In February 2003, Jennifer Allora and Guillermo Calzadilla’s Charcoal Dance Floor–a highly detailed floor drawing of young clubgoers that slowly disappeared as the shoes of gallery visitors scuffed it–was featured in the Walker exhibition How Latitudes Become Forms: Art in a Global Age. Since then, they’ve visited twice more as artists-in-residence. Against the backdrop of evolving and controversial media ownership rules by the Federal Communications Commission and possibly the most media-dominated presidential campaign in United States history, they are working in collaboration with the Walker Teen Arts Council (WACTAC) to build a citywide network of independent radio transmitters broadcasting from homes, offices, cars, and even bikes.
Starting July 1st and running until the November 2nd election, the Walker and its community partners will hold workshops, screen films, and present speakers around the issues of radio access, independent media, free speech, and democracy. To get involved in this free radio project, see below under Related Events.

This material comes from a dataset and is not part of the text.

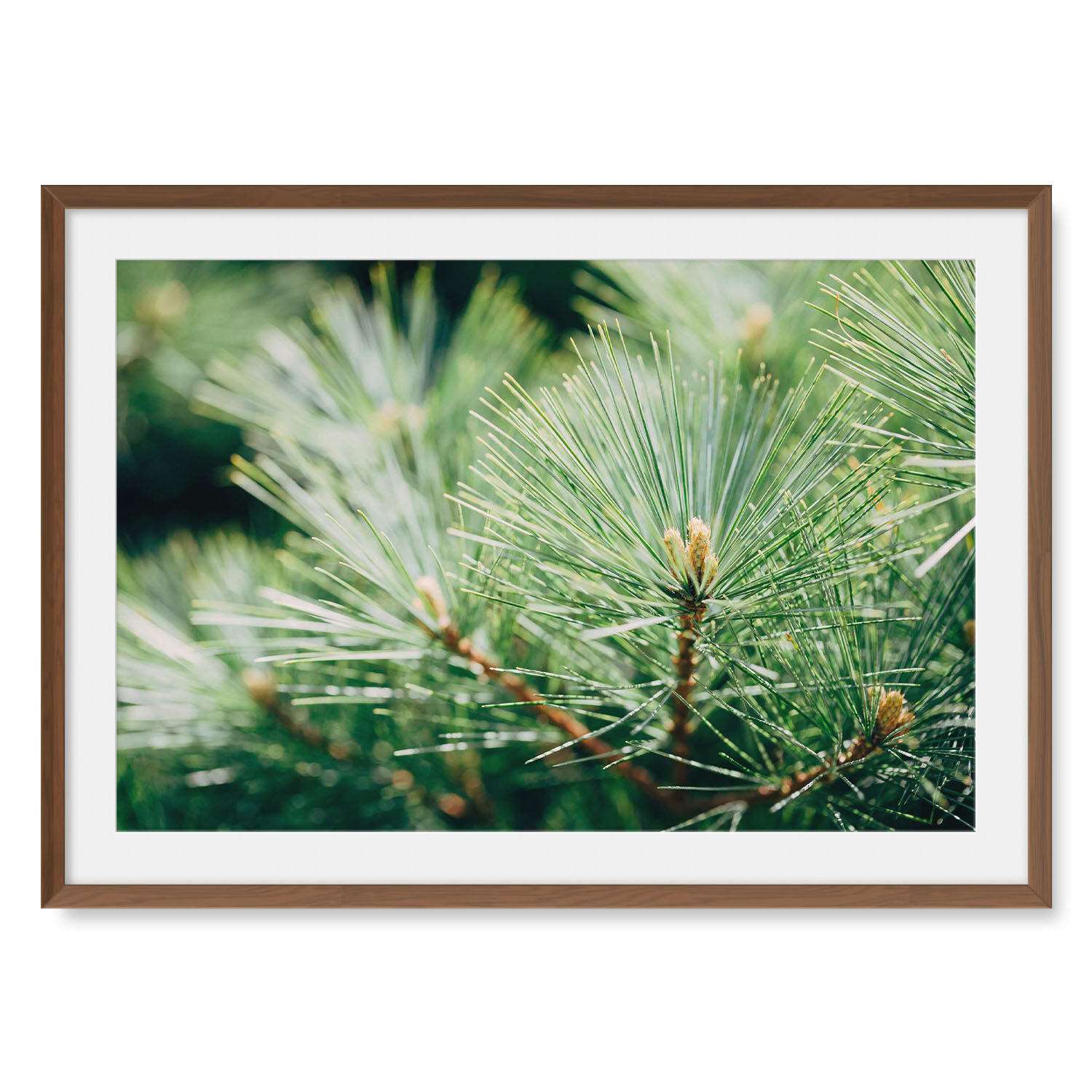 Dark walnut solid hardwood framed horizontal fine art photography of a close up white pine needle cluster.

Response-Ability: An Interview with Jennifer Allora & Guillermo Calzadilla
In a recent interview with Walker staff members, the artists discussed their practice.

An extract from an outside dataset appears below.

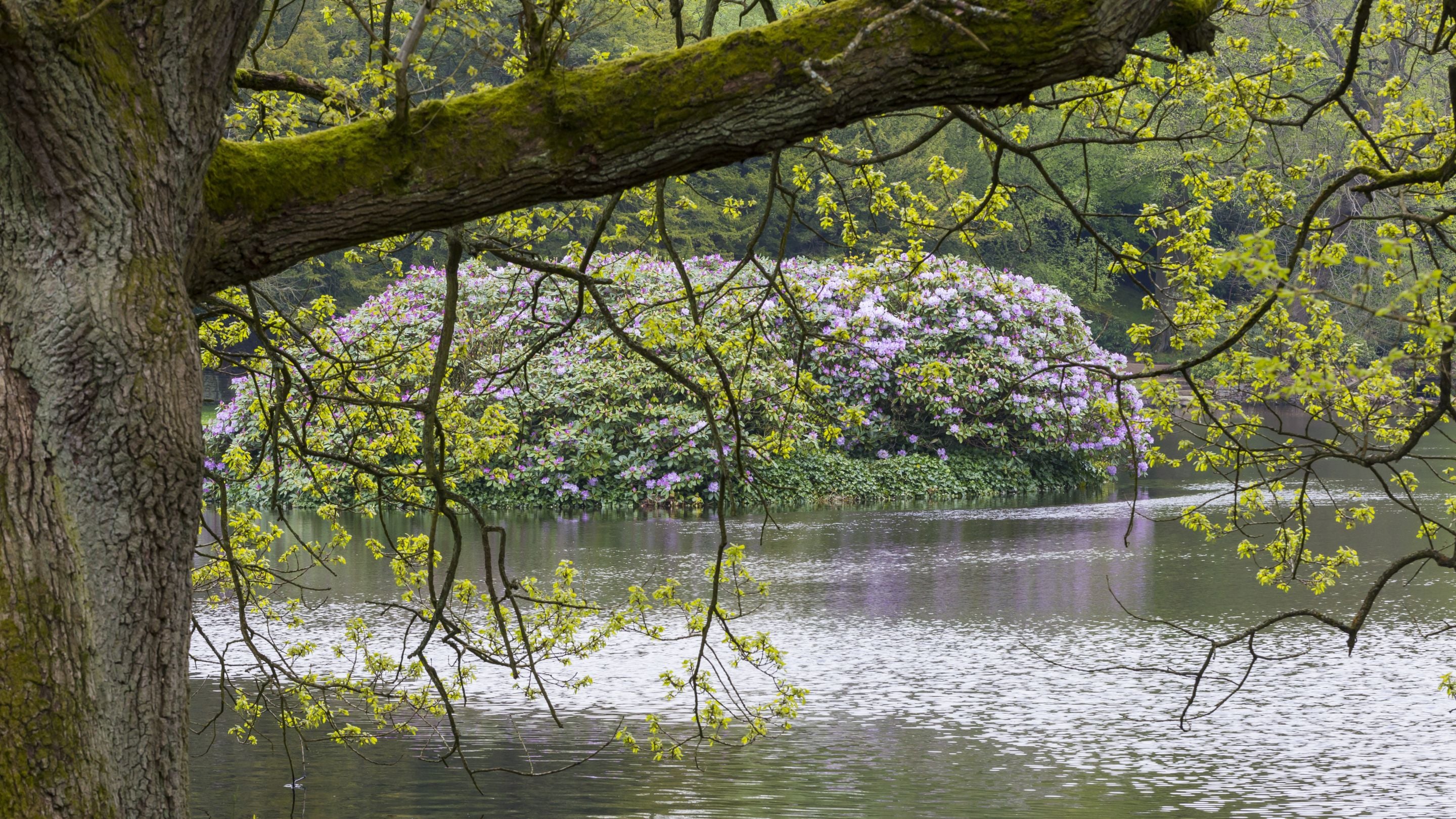 Purple flowers seen over the lake at Lyme Park, Cheshire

For your residency, you will be collaborating closely with WACTAC. Several of your past projects have included similar elements. What do you find interesting about this mode of working?
There is something very exciting to us about the idea of creating open and dynamic structures that lead to unpredictable results. Because we are two people working together, our process is fundamentally an economy of exchange–of ideas, thoughts, observations, etc.–so it seems natural to us to extend and permeate the boundaries of our collaboration with new inputs from others. We like the idea that collaborating allows for different positions to come into contact and conflict with each other. This dimension has the potential to challenge the narcissism of our individual claims on truth and constitutes a fundamental aspect of critical communication.
In describing contemporary art, “provocative” is an overused adjective, yet it fits when discussing even your seemingly innocuous work. Are you comfortable with that word?
To provoke is to call forth a response from another, which implies one’s ability to respond–or response-ability. We do like this idea.
Humor is ever present in your art. It’s often disarming. What do you see as the role of mirth in art?
We like the potential of transformation that humor contains, that a work can affect you physiologically to such an extent that it can produce an internal explosion in your body in the form of laughter. This reaction at its best can be incredibly powerful in terms of mobilizing and sharing identifications, challenging norms, and offering hope for the possibility of imagining alternatives.